YOUR ASSIGNMENT: Exactly the lines from the one containing "Céline Borsa Tote" through the one containing "Outdoor Plant Stands" in the listing below are to be copied, with the pictures left out.

Segment Start: RECORDS FOR THIS EXERCISE

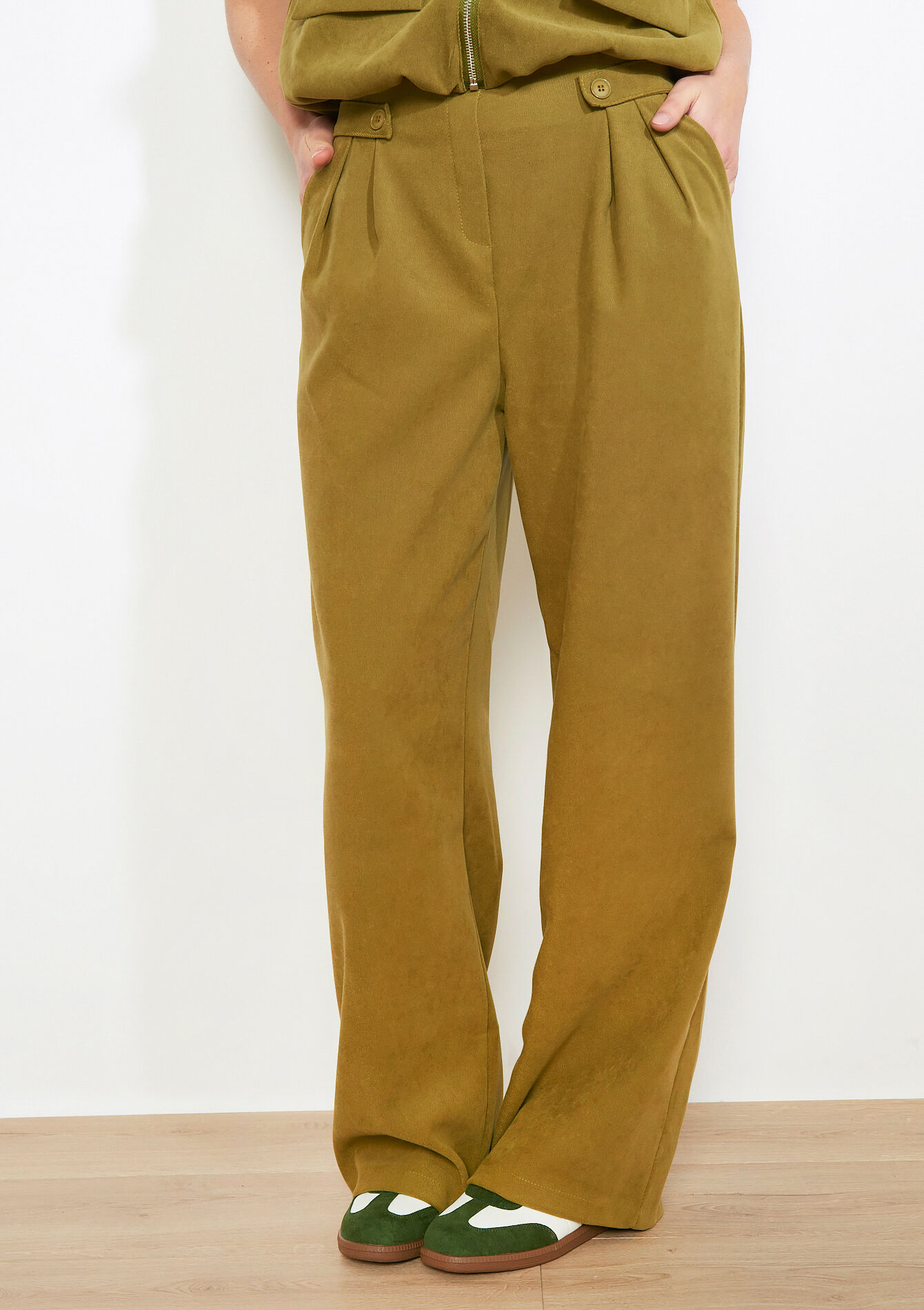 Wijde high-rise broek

Segment End: RECORDS FOR THIS EXERCISE
Segment Start: RECORDS FOR THIS EXERCISE

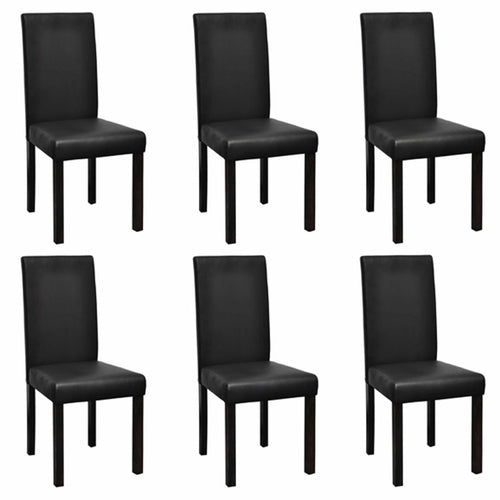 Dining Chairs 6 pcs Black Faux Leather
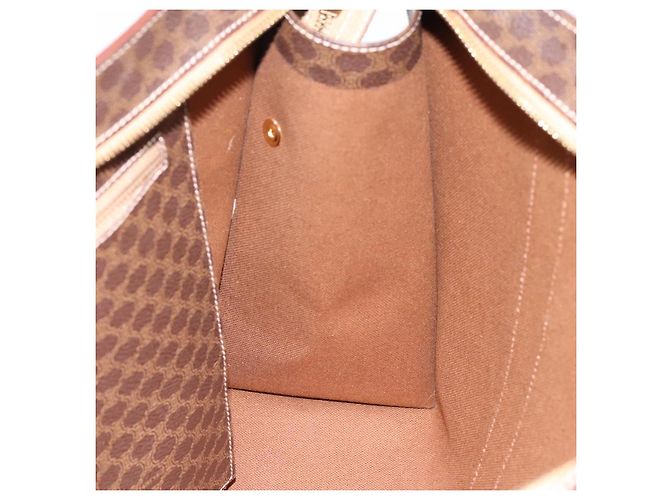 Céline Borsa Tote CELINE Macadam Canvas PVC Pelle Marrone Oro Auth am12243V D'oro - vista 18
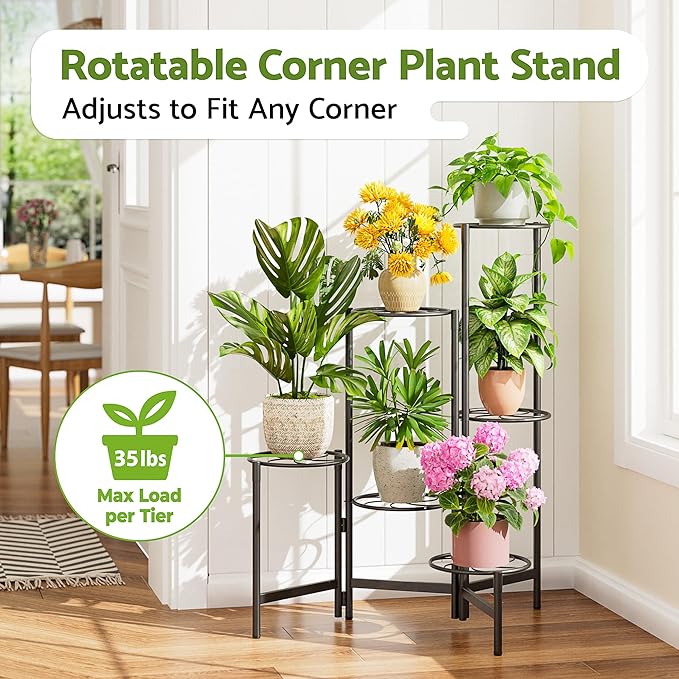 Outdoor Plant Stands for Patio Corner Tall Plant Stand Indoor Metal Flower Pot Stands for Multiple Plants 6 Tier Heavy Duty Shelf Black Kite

Segment End: RECORDS FOR THIS EXERCISE

SOLUTION TO THE PROBLEM:
 Céline Borsa Tote CELINE Macadam Canvas PVC Pelle Marrone Oro Auth am12243V D'oro - vista 18
 Outdoor Plant Stands for Patio Corner Tall Plant Stand Indoor Metal Flower Pot Stands for Multiple Plants 6 Tier Heavy Duty Shelf Black Kite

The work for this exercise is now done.